Page MenuHomePhabricator

robots.txt prevents indexing of Special:EntityData
Open, LowestPublic

Description

We currently disallow indexing of any /entity/Q... URI via our robots.txt because we disallow indexing of Special:EntityData. I've been asked if we can change this because it leads to the following search result for example:

vizquery1.png (174×923 px, 23 KB)

Related Objects

StatusSubtypeAssignedTask
OpenFeatureNone
OpenNone

Event Timeline

@daniel @hoo @aude: Can you say if this rule is needed or if we can get rid of it?

robots.txt is controlled by WMF ops, but by Wikidata. Special pages are blocked there because Special pages generally contain dynamic data, and should not be indexed.

Special:EntityData could be indexable, but it's a bit awkward. Depending on the request (particularly, the query string and Accept header), it may produce JSON or RDF, or a redirect to the regular HTML page. I think it would be fine to allow crawlers to index these, but I also see little added value in doing so.

Well, we could allow this, I guess… but we should at least set a canonical URL (or one per output?) as header (we can't put it in the html here, as there's none).

This is probably interesting especially as we already put the various EntityData URLs in to our regular URLs as <link rel="alternate" … type="…">.

thiemowmde moved this task from incoming to needs discussion or investigation on the Wikidata board.
thiemowmde subscribed.

I also wonder what the benefit of indexing these URLs would be. Currently, there are 5 million: https://www.google.com/search?q=site:wikidata.org+inurl:entity&filter=0. But all are, when clicked by a user, redirects to the corresponding …/wiki/Q… page.

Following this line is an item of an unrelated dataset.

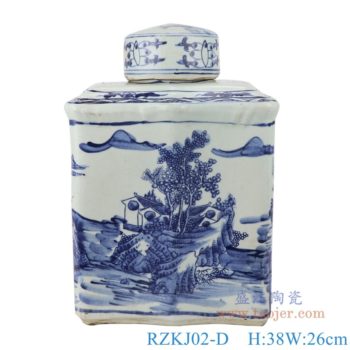 RZKJ02-D   青花长方形山水扁罐子；   高：38直径：26口径：10底径：25重量：6.25KG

If the search result in the screenshot is the only reason this ticket was created, I strongly suggest to close it, because stripping duplicates from search indexes is actually intended.

If the search result in the screenshot is the only reason this ticket was created, I strongly suggest to close it, because stripping duplicates from search indexes is actually intended.

Which should be done by setting a canonical URL, though… I suppose?

There are canonical URLs on all these pages, e.g. <link rel="canonical" href="https://www.wikidata.org/wiki/Q2833"/>. But this will not stop Google from indexing redirects. We do provide these redirects. They exist. They are real. Users are allowed to use them.

What we see on search result pages like https://www.google.com/search?q=site:wikidata.org+inurl:entity is entirely normal behavior. I would like to understand what people think needs "fixing" there.

@Denny could you have a look please? IIRC this came from a conversation the two of us had.